(Beginning of Extracted entries)

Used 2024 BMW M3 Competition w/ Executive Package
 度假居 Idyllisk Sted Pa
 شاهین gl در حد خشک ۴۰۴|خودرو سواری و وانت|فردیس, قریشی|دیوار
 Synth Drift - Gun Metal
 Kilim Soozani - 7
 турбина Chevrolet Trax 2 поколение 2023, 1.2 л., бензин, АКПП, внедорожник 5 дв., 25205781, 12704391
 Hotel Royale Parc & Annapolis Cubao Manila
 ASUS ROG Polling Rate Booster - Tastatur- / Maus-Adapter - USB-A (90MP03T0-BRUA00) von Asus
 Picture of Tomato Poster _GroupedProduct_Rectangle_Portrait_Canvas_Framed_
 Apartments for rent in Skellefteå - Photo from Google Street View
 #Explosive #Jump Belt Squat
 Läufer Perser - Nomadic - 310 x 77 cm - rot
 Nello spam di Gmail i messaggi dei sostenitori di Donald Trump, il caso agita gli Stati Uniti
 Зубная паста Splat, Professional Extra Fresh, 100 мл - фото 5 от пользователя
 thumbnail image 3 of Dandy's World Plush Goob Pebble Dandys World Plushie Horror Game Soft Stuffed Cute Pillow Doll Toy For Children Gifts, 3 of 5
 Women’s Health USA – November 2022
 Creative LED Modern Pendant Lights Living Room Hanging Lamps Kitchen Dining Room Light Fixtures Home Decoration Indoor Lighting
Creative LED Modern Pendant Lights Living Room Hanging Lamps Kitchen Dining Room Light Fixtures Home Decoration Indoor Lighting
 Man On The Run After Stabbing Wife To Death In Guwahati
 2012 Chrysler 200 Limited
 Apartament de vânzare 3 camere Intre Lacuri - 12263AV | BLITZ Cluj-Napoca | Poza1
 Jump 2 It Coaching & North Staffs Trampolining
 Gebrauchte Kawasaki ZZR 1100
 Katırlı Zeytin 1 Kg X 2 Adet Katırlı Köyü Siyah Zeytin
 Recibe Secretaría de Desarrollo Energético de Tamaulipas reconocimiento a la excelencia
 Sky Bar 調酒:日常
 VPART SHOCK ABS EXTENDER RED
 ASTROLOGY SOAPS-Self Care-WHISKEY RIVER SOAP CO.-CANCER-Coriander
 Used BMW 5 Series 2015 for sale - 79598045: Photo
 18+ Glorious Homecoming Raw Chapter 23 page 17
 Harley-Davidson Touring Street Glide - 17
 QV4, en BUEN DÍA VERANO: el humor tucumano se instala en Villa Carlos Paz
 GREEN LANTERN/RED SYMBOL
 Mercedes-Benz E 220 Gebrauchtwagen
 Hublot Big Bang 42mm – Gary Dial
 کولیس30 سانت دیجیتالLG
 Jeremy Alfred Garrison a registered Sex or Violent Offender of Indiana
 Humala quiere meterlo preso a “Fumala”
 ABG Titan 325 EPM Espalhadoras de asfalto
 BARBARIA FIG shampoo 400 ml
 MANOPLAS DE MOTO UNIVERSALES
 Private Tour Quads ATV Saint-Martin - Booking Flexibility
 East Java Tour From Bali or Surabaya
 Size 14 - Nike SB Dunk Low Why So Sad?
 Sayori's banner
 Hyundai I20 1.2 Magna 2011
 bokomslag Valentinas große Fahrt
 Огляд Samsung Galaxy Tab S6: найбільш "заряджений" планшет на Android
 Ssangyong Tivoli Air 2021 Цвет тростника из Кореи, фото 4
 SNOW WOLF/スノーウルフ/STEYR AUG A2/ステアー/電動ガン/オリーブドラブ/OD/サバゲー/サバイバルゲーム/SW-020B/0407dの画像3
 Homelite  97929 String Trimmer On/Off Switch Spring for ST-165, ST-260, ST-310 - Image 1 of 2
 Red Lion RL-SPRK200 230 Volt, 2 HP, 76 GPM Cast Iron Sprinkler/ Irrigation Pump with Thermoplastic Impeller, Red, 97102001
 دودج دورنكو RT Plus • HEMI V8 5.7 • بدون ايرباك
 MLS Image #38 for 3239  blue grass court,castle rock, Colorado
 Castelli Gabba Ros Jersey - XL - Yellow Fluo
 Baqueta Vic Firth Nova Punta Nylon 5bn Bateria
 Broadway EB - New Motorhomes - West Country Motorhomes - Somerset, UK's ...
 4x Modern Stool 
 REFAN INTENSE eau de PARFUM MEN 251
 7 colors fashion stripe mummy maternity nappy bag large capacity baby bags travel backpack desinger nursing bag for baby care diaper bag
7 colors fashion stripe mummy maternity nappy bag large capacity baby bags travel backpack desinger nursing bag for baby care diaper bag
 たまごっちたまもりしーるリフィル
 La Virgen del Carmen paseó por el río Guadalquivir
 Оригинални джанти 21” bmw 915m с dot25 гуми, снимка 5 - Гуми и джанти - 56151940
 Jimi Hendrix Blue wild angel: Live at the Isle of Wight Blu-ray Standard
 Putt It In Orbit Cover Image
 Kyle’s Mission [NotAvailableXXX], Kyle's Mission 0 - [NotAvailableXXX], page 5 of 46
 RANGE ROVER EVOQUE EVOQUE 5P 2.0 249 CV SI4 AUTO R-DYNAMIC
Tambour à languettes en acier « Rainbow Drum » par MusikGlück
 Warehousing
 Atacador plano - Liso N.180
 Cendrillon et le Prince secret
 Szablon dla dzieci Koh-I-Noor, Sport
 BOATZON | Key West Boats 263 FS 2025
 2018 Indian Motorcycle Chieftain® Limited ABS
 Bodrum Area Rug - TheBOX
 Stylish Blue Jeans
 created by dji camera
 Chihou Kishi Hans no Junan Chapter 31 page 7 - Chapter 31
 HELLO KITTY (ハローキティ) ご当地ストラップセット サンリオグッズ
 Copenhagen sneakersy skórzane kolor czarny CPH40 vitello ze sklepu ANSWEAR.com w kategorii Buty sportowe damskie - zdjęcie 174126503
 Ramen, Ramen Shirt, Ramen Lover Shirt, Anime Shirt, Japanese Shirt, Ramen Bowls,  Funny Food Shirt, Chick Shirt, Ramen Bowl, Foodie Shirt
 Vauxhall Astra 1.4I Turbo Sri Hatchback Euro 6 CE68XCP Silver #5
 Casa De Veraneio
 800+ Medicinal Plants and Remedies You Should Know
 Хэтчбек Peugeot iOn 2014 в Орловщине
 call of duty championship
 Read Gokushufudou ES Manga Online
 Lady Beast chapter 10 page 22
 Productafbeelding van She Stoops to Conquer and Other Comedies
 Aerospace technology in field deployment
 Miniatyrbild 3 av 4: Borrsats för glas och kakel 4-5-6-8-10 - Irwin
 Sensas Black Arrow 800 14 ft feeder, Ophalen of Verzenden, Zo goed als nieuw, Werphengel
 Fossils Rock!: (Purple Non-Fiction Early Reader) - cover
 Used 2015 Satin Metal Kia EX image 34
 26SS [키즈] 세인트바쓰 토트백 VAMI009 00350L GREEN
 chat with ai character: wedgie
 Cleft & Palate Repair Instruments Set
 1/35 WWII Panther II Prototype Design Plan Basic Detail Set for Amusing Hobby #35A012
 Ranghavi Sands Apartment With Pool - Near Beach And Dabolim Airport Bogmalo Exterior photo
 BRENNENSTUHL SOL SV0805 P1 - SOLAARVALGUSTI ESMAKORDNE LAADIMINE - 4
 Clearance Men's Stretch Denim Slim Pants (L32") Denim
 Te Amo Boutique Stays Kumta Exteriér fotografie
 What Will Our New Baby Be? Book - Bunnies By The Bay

(End of Extracted entries)

> Task prompt
Could you copy exactly the line containing "Ranghavi Sands Apartment" and each line after it through the end of the records, and nothing else?

> Response
 Ranghavi Sands Apartment With Pool - Near Beach And Dabolim Airport Bogmalo Exterior photo
 BRENNENSTUHL SOL SV0805 P1 - SOLAARVALGUSTI ESMAKORDNE LAADIMINE - 4
 Clearance Men's Stretch Denim Slim Pants (L32") Denim
 Te Amo Boutique Stays Kumta Exteriér fotografie
 What Will Our New Baby Be? Book - Bunnies By The Bay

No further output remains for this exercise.